“Una ciudad arrebatada a los blancos
por el orgullo de los negros.” (Javier Reverte)
El airbús de Iberia se toma sus buenas diez horas desde Madrid para llegar a Jo’burg, nombre coloquial de la capital de la provincia de Guateng, que en lengua tswana –una de las once lenguas oficiales de Sudáfrica– significa “país del oro”. Así fue por obra y gracia de un emigrante australiano que, en el lejano 1886, decidió plantar un arbolito en su jardín para que le diera sombra a su esposa mientras le repasaba sus calzones de agricultor, sentada en una silla de anea.
No sabremos nunca si aquel buen hombre se hubiera atrevido a abrir el hoyo de haber imaginado las consecuencias que su primer golpe de pico iba a suponer para el futuro de millones de personas.

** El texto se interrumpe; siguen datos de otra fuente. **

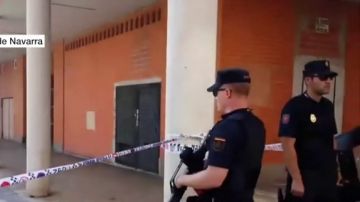 La Policía acordona la zona en la que se ha atrincherado un hombre en Pamplona.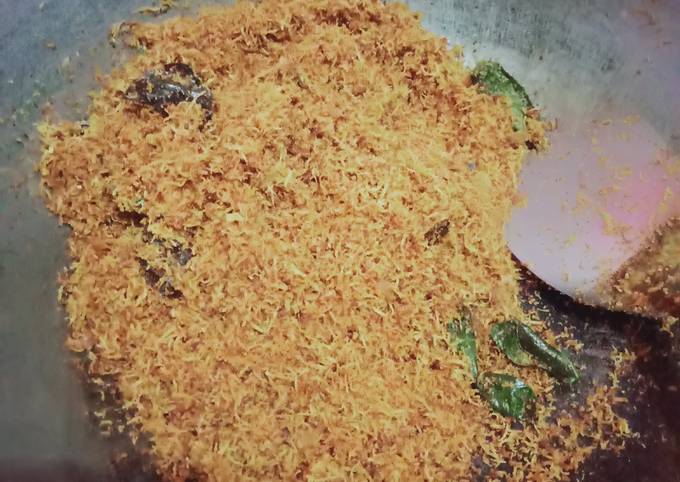 Ternyata ini loh! Resep  membuat Serundeng kelapa  nagih banget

El caso es que, ante sus asombrados ojos, apareció el filón de oro más gigantesco que se hubiera descubierto jamás.
La noticia corrió como la pólvora y, en muy poco tiempo, miles de buscadores de oro se precipitaron sobre el lugar. Se formó un inmenso campo de tiendas de campaña y precarias construcciones que bautizaron con el nombre de Johannesburg, en consideración a los dos inspectores de minas, Johann Rissik y Johannes Joubert, que el gobierno inglés envió para poner orden en aquella locura.
Muy pronto, las colosales fortunas acumulas originaron un imparable proceso de urbanización. El Jo’burg de hoy es la ciudad de los superlativos: la más rica de África, la que tiene más piscinas y los rascacielos más altos del continente. Pero no es oro todo lo que reluce: también las mayores disparidades sociales y una de las tasas de criminalidad más elevadas del mundo.
El resultado de todo ello es una desestructuración abrumadora y una atmósfera paranoica sin igual. En una misma calle es posible cambiar totalmente de mundo y cruzando dos o tres, se muda de universo social y cultural. Jo’burg es una ciudad extensa, muy extensa, con barrios cruzados por autopistas y vías rápidas que permiten moverse por toda la ciudad sin necesidad de poner los pies en los más peligrosos. Algunas calles discurren sobre los terrenos de antiguas minas abandonadas, amarillentas colinas de aspecto lunar.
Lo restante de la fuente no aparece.